Nope. Still not, and I likely never will.
Nope. Still not, and I likely never will.
I've never been in one, but you can't say to yourself that you likely never will. I know many people have that sentiment, but it's just not true. If you try to make something work with someone, it can happen. It may take several tries, or a good amount of time, but we can all do it. I'm 20 and I've never been on a date, but I'm not losing hope, because it's my fault I haven't been assertive or confident enough to try. I think I'm finally getting there though, and so can everyone else.

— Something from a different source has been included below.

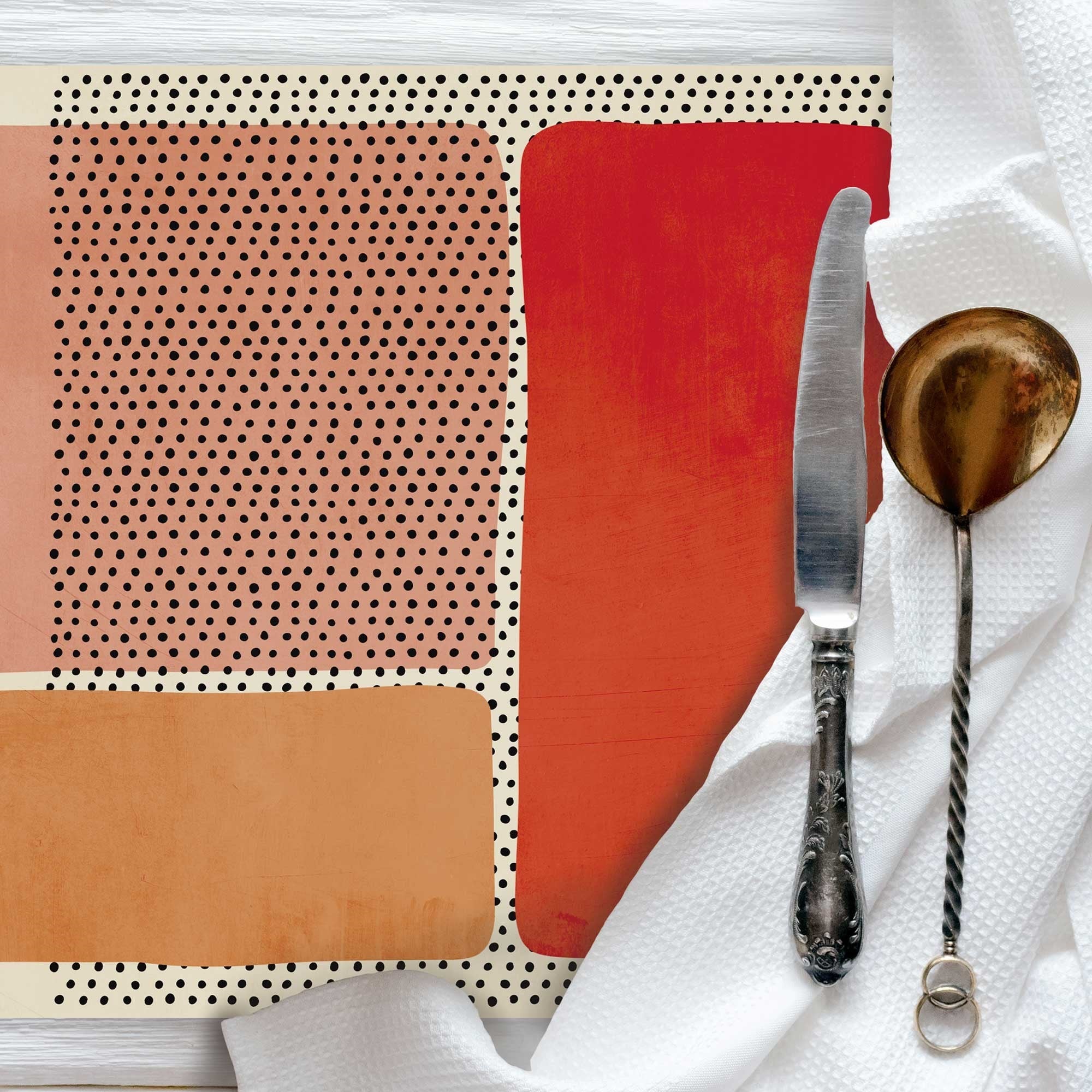 Sets de table en vinyle Remy 054991 Alix & Andréa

I've never been in one. I'm too shy and innocent for it. XD I've never really wanted one, either...I don't think I've ever liked someone in that way. Then again, I'm only 15, who knows what will happen as I get older. :P
I'm 27 years old and I never been in a relationship either, and I'm also not even searching for one. I'm helping to take care of my grandma first. Maybe in the future I might meet someone.
I never been in a relationship...and would like to keep it that way. Being single rocks! Though throughout my high school years, I did have this crush on this girl who was really nice unlike the rest of my peers who were just complete jerks. We did talk to each other several times in class, but I would never go far as to ask her to be my girlfriend. That would have been very difficult and hectic for me to handle. Now you may be thinking "That could have been your big chance!" Yea-No. If I did ask her to be my girlfriend at the time, it would have interfered with my school work, my job, and my family. I am now 21. I like every bit of not being in a relationship.

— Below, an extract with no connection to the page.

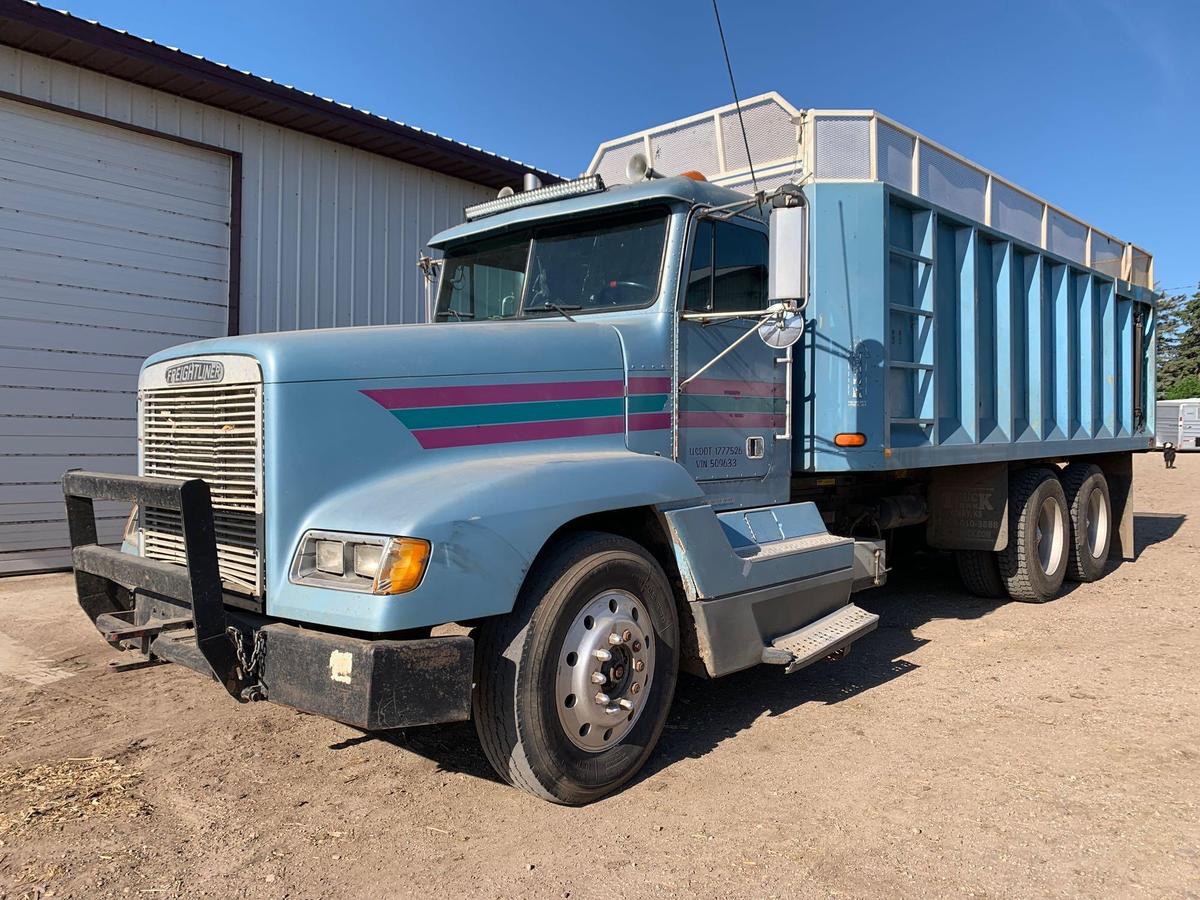 1991 Freightliner FLD120 Straight Truck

I have a grandma and I love her, but the present and the future take priority over the past. It's OK if your mom/dad is on charge of your grandma and you assist them a bit, but postponing YOUR social life is the worst idea ever. Because one day you grandma will go and the older you get, the harder is recovering your social life. You're losing your best years.
I'm 24 this year...and still single. Been through a blind date which failed, and tried to look for someone... and that turned out to be a fail as well.
I kept wondering, though - why, even though I crave for a boyfriend I had never been able to be in a relationship. Do people hate me? Maybe. I'm the anti-social type anyways.
But I realized that deep down inside, I had never given up on the one person I love. I had been rejected, I even promised myself to throw away all the emotions...only to face the fact that I still love that person. What's more, I don't care if my feelings are returned or not. I'm perfectly fine with the way it is, and I wish this would last forever. My feelings for that person is also one of the few things that keep me holding on - the mere existance of that person lets me feel alive. One simple text message cheers me up so much. One phone call makes me excited. Just one chance to see that person...and I feel much too happy to sleep.
I decided to stay true to my feelings, even though it will not be returned. I am going to stop searching for a relationship, and devote myself to the person I love.
It's what would make me truly happy. Truly.
I have been in a relationship, but it didn't work out. The two of us remain close friends, but I still have feelings for her. She means everything to me. Even if I'm never going to have my feelings reciprocated, I like just being there for her. I hope to someday know her personally, but I have this fear int he back of my head that I'll get carried away if I find myself in a position where I can physically touch her and speak to her face-to-face. She's my best friend, and I love her in a way that I've never loved anyone before, and even if I'll never be able to call her "mine" again, I want to be with her, and I want to be in a position where she can come to me about anything that's troubling her. I want to be something in her life that's permanent, will never go away, and will always be something for her to lean on. I don't know how I'd feel if she found someone new to play the role I once did, but it's not much better as is. I'm never going to be more than a friend to her ever again, and yet I still feel like I want to spend the rest of my life in the closest proximity to her. Just still being on good terms with her and not being something that she wishes she could forget, means the world to me.
I'm rambling, I'll stop now.
I am in not in a relationship, and probably won't be anytime soon, as I'm not finding a young man that interests me.
There was one who showed interest in me in school, but he acted like an immature prick to me before, so I rejected him. To be honest, I'm better off without him.
I'm in Middle School. I've got a ways to go until dating will actually become important to me (after college). But a lot of people in my grade are completely immersed in the whole reality show type "DRAMA BOMBS". I try to ignore it, but this whole mentality is starting to seep into my own group of friends. There's this one kid who keeps trying to set people up with each other, for whatever reasons. Last couple he successfully pulled off lasted a week. Now he's trying to get me together with this girl I know but don't like "that way", and I know she doesn't like me "that way". Actually a lot of people are jumping on the "IRLSHIPPING" bandwagon. They're trying to turn a Brother-Sister type relationship into a BF-GF type relationship.
Now that I'm getting off topic here, my final statements:
I'm single. I plan to be single for a long time.
I haven't and I'm 17. I could probably get in one if I truly wanted to, but that would only be if it made the other person happy. Other than that, I plan on staying single my entire life to prevent myself and other people from getting emotional scars.
I dont want to be in a relationship anyways. A lot of guys I know are douchepotatoes, or I just don't want to be in a relationship with them anyways.